Suppose to have an additive right exact functor $F: \mathcal A \rightarrow \mathcal B$ between Abelian categories and suppose that $F(A)=B$ for an object $A$ in $\mathcal A$. Denote with $D(\mathcal A)$, $D(\mathcal B)$the derived categories of chain complexes (if you want, bounded), and denote with $Q$ the localization functor.

Suppose that $F$ has a right total derived functor $\textbf R F: D(\mathcal A) \rightarrow D(\mathcal B)$. In general, I would not expect that $Q(B) \simeq (\textbf R F)(Q(A))$, when $F$ is not exact.

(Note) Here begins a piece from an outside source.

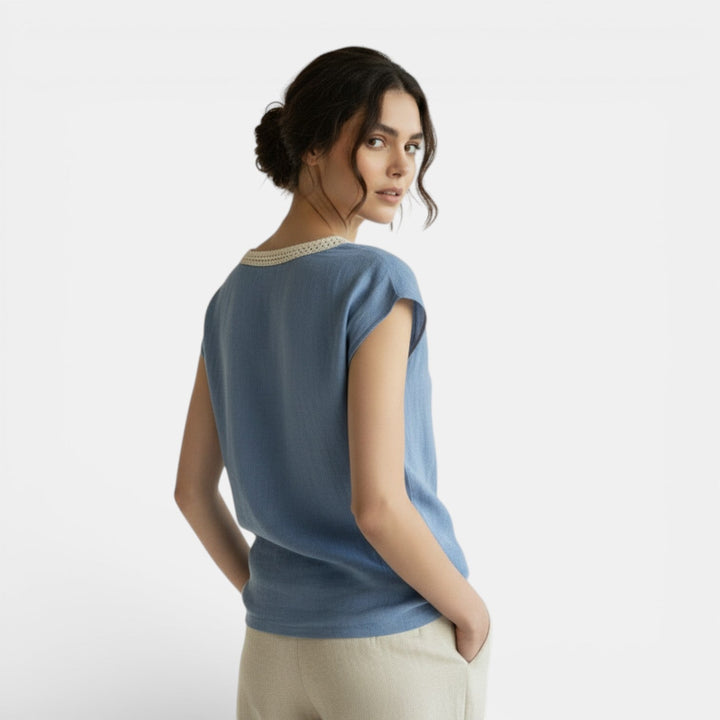 Blusa Boho Mujer Algodón Lino Encaje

Then I can't understand why this fact seems to be used roundabout in some cases. To say, I am working on Examples 5.4 of Huybrecht's *Fourier-Mukai transform in algebraic geometry* and it seems to be used in the following argument:

Let $X$ a smooth projective variety, $p,q: X \times X \rightarrow X$ the two projections and $i: X \rightarrow X \times X$ the diagonal morphism. The structure sheaf $\mathcal O _\Delta$ of the diagonal is canonically isomorphic to $i_* \mathcal O _X$. Regarded as complexes concentrated in degree 0, $i_* \mathcal O _X$ and $ \mathcal O _\Delta$ define objects in $D^b(X)$ (the usual derived category of $X$). If $\mathcal E$ is any object in $D^b(X)$, the integral transform can be defined. Huybrechts write:

$\Phi_{\mathcal O _\Delta}(\mathcal E) = \textbf R p_* ( q^* \mathcal E \otimes^\textbf L \mathcal O _\Delta) = \textbf R p_* ( q^* \mathcal E \otimes^\textbf L \textbf R i_* \mathcal O _X)$

where $\mathcal O _\Delta = \textbf R i_* \mathcal O _X$ seems to be used ($q^*$ is not derived since $q$ is flat, hence $q^*$ is exact).